Module 32 Trump tweets

Learning goals

This is a review exercise: apply the dplyr and ggplot skills introduced in the previous modules and the Deep R modules on Working with Dates and Times and Working with Text to doing some text mining of former-President Trump’s tweets.

Let’s run the below to get started.

library(dplyr)
library(readr)
library(tidytext)
trump <- read_csv('https://raw.githubusercontent.com/databrew/intro-to-data-science/main/data/trumptweets.csv')
stop_words <- read_csv('https://raw.githubusercontent.com/databrew/intro-to-data-science/main/data/stopwords.csv')

1. In the current format, one row of data is equal to one ?

2. Create a variable called line. This should be 1, 2, 3, 4, etc.

3. Create a variable called text. This should be an exact copy of content.

4. Use the unnest_tokens function to reshape the data for better text processing.

simple <- trump %>%
  select(-mentions, -hashtags, -geo, -content, -link, -id) %>%
  unnest_tokens(word, text)

5. What format is the data in now (ie, one row is equal to )?

6. Take a minute to read about the tidytext package at https://www.tidytextmining.com/tidytext.html.

7. What is the most common word used by Trump?

8. Use substr to create a year variable.

9. What is the most common word used by Trump each year?

10. Create a variable named month using substr.

11. What is the most common word used by Trump each month?

12. Create a dataframe with one word per row, and a column called freq saying how many times that word was used.

13. Load up the wordcloud library.

14. Subset the dataframe created in number 12 to only include the top 100 words.

15. Create a wordcloud of Trump’s top 100 words.

16. Are you ready to do some sentiment analysis? Great.

17. Create a dataframe named sentiments by running the following: sentiments <- read_csv('https://raw.githubusercontent.com/databrew/intro-to-data-science/main/data/sentiments.csv')

18. What is the sentiments dataset?

19. Create another dataset named polarity by running the following: polarity <- get_sentiments("afinn")

20. Use left_join to combine polarity and sentiments into one dataset named emotions.

emotions <- left_join(sentiments, polarity) %>% filter(!duplicated(word))

21. Use left_join to combine the trump data and the emotions data.

simple <- left_join(simple, emotions)

22. Have a look at the simple (Trump) data. What do you see?

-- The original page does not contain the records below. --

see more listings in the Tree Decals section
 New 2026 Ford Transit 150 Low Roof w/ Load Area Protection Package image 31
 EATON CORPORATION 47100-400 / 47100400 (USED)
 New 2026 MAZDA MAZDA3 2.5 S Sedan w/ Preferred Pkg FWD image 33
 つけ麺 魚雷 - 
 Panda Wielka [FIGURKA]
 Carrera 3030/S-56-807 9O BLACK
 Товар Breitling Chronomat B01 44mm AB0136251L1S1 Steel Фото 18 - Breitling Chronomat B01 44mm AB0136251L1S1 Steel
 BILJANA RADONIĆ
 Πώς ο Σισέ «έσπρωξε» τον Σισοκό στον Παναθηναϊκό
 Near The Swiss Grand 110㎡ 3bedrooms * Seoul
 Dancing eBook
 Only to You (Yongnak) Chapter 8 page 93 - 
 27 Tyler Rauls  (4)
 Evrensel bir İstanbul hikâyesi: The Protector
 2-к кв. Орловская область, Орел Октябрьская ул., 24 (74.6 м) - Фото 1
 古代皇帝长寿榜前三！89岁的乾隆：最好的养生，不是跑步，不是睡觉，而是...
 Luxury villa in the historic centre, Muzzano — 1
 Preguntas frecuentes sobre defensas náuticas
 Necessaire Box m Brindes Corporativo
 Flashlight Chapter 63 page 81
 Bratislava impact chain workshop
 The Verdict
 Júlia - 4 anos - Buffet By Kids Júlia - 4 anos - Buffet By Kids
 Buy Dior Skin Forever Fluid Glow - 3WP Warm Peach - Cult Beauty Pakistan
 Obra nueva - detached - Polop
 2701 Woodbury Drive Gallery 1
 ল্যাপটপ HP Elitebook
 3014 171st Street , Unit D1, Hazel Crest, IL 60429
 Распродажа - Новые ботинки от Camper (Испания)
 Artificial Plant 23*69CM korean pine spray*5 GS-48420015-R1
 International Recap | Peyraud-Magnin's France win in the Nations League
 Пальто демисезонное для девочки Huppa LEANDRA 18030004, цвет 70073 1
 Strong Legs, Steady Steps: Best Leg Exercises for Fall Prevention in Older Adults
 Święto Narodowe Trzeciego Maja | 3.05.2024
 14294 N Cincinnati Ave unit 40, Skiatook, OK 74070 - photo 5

23. Get an overall polarity score (using the value variable) for the entire dataset. Is it positive or negative?

24. How many words were emotionally associated with “anger” in 2015?

25. What percentage of words were associated with “fear” by year?

26. What is the average sentiment polarity by year?

27. What is Trump’s most positive tweet?

28. What month was Trump’s most negative month?

29. What percentage of Trump tweets have more sadness than joy by year/month?

30. Read in data on full moons by running the following: moon <- read_csv('https://raw.githubusercontent.com/databrew/intro-to-data-science/main/data/full-moon.csv')

31. Create a date column with a correctly formatted date.

32. What day of the week has the most full moons?

33. Use left_join to bring the moon data into the Trump data.

34. Does Trump have more negative emotions on full moon days?

35. Read in “stop words” by running the following: sw <- read_csv('https://raw.githubusercontent.com/databrew/intro-to-data-science/main/data/stopwords.csv')

36. Join the sw data to the simple data, and remove the stop words.

37. Create a new word cloud.

38. Do a new analysis of sentimentality.